Count leading zero bits for each element in AVX2 vector, emulate _mm256_lzcnt_epi32

Asked 12/11, 2019 at 16:46 Answered 13/11, 2019 at 2:25

Solved bit-manipulation simd avx avx2 avx512

With AVX512, there is the intrinsic _mm256_lzcnt_epi32, which returns a vector that, for each of the 8 32-bit elements, contains the number of leading zero bits in the input vector's element.

Is there an efficient way to implement this using AVX and AVX2 instructions only?

Currently I'm using a loop which extracts each element and applies the _lzcnt_u32 function.

Related: to bit-scan one large bitmap, see Count leading zeros in __m256i word which uses pmovmskb -> bitscan to find which byte to do a scalar bitscan on.

This question is about doing 8 separate lzcnts on 8 separate 32-bit elements when you're actually going to use all 8 results, not just select one.

Skilken answered 12/11, 2019 at 16:46 Comment(0)

float represents numbers in an exponential format, so int->FP conversion gives us the position of the highest set bit encoded in the exponent field.

We want int->float with magnitude rounded down (truncate the value towards 0), not the default rounding of nearest. That could round up and make 0x3FFFFFFF look like 0x40000000. If you're doing a lot of these conversions without doing any FP math, you could set the rounding mode in the MXCSR¹ to truncation then set it back when you're done.

Otherwise you can use v & ~(v>>8) to keep the 8 most-significant bits and zero some or all lower bits, including a potentially-set bit 8 below the MSB. That's enough to ensure all rounding modes never round up to the next power of two. It always keeps the 8 MSB because v>>8 shifts in 8 zeros, so inverted that's 8 ones. At lower bit positions, wherever the MSB is, 8 zeros are shifted past there from higher positions, so it will never clear the most significant bit of any integer. Depending on how set bits below the MSB line up, it might or might not clear more below the 8 most significant.

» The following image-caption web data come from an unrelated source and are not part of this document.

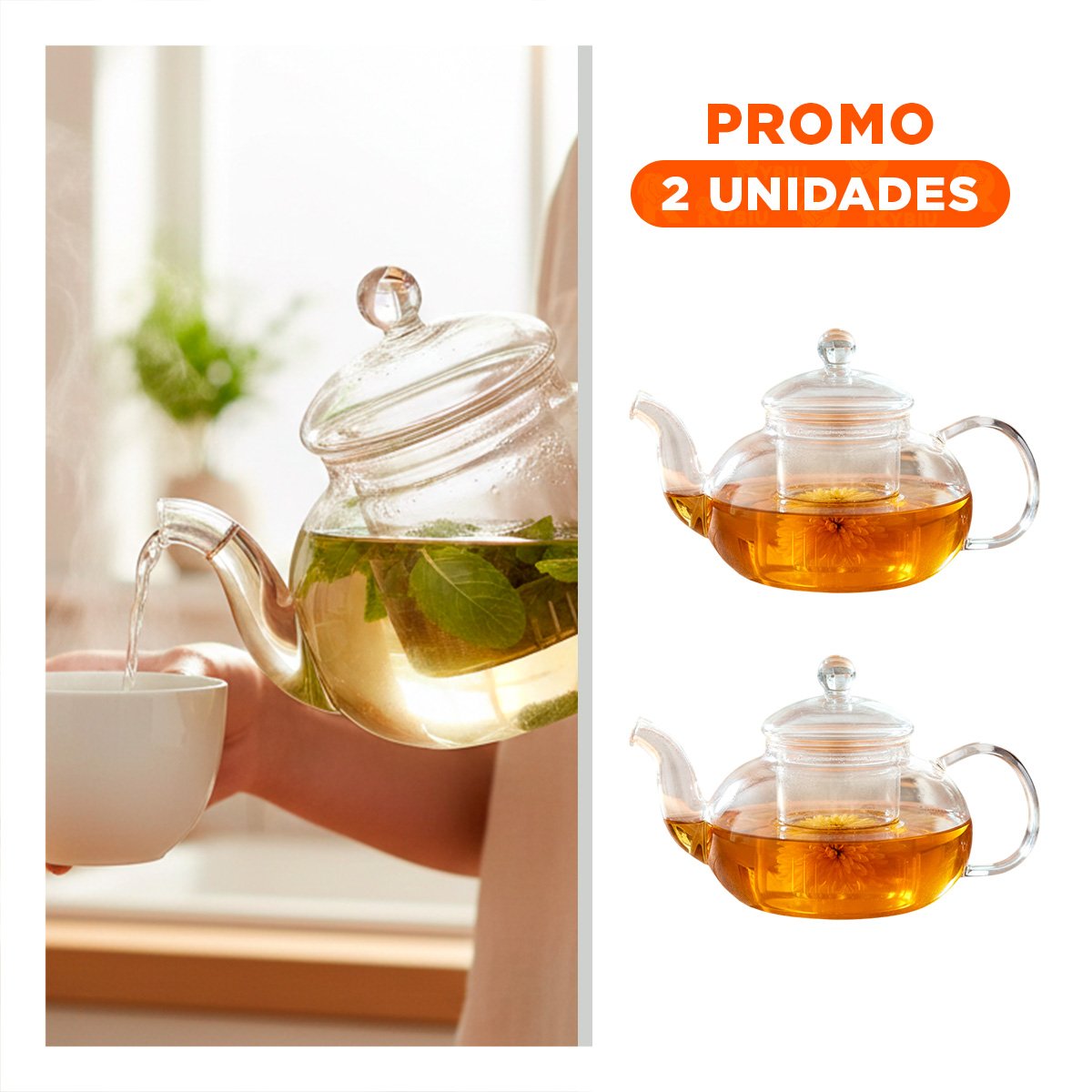 PACK2 JARRA TRANSPARENTE PARA SERVIR TE Y OTRAS INFUSIONES 1000 ML - 1
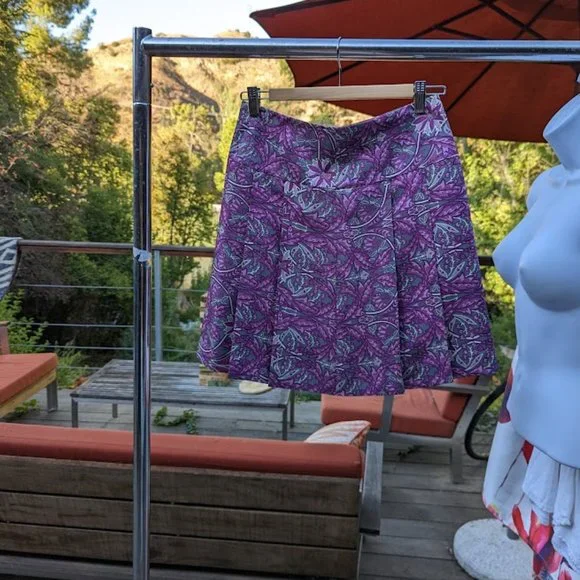 Vintage RareBanana Republic SILK Pleated Paisley Skirt Purple Pink Floral Sz 0 - Picture 2 of 4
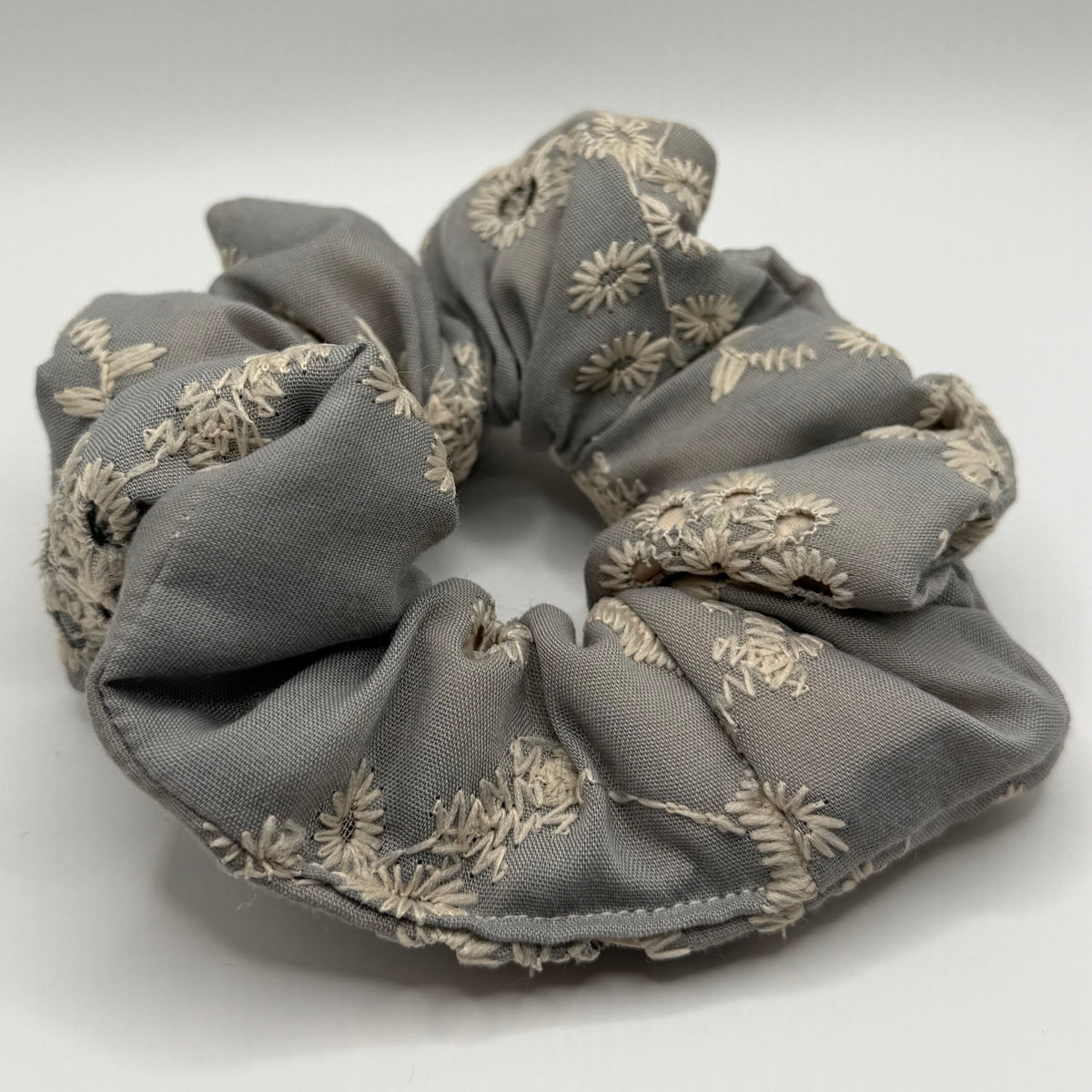 Grey Embroidered Scrunchie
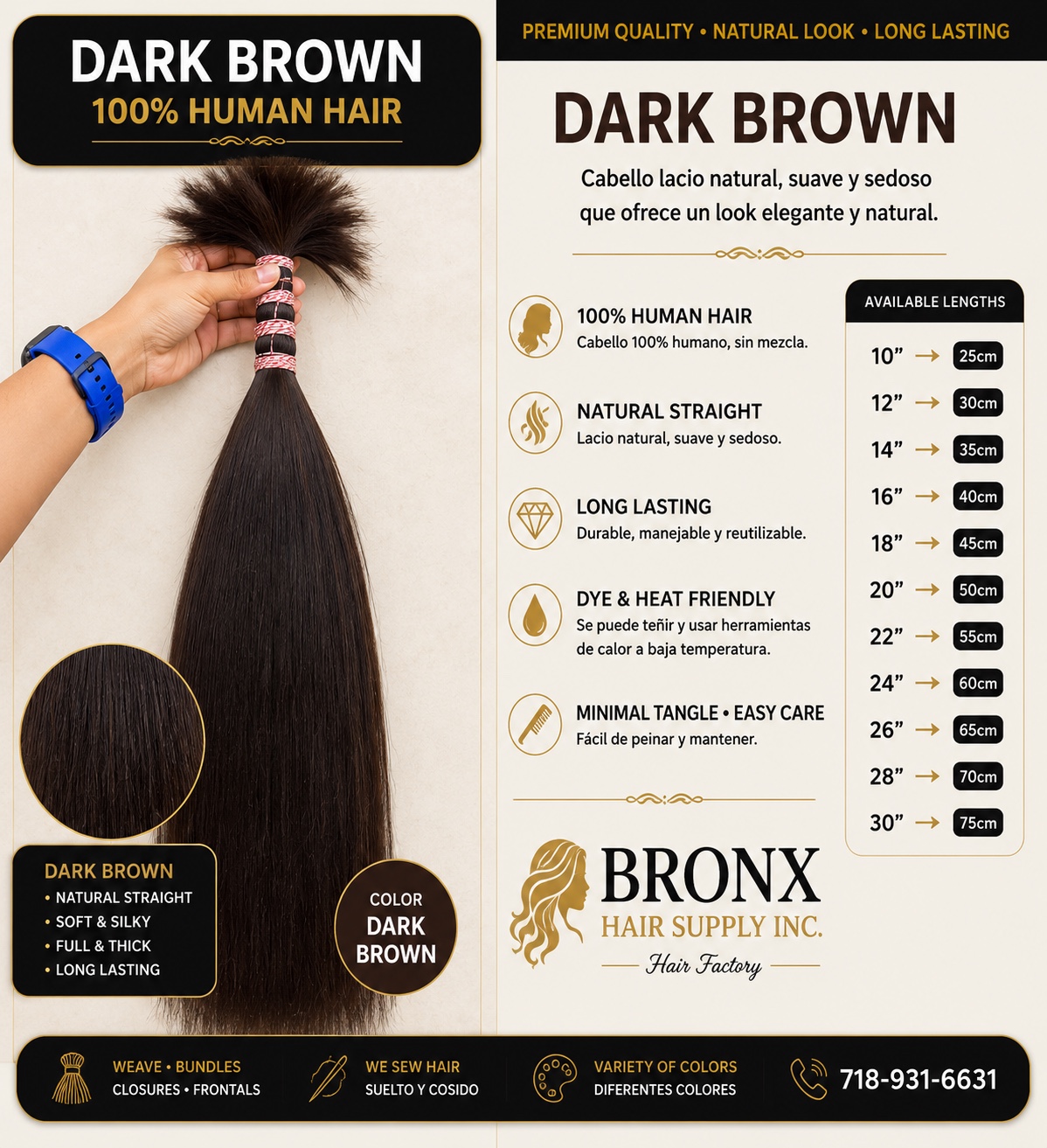 Dark brown straight human hair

After conversion, we use an integer shift on the bit-pattern to bring the exponent (and sign bit) to the bottom and undo the bias with a saturating subtract. We use min to set the result to 32 if no bits were set in the original 32-bit input.

__m256i avx2_lzcnt_epi32 (__m256i v) {
    // prevent value from being rounded up to the next power of two
    v = _mm256_andnot_si256(_mm256_srli_epi32(v, 8), v); // keep 8 MSB

    v = _mm256_castps_si256(_mm256_cvtepi32_ps(v)); // convert an integer to float
    v = _mm256_srli_epi32(v, 23); // shift down the exponent
    v = _mm256_subs_epu16(_mm256_set1_epi32(158), v); // undo bias
    v = _mm256_min_epi16(v, _mm256_set1_epi32(32)); // clamp at 32

    return v;
}

Footnote 1: fp->int conversion is available with truncation (cvtt), but int->fp conversion is only available with default rounding (subject to MXCSR).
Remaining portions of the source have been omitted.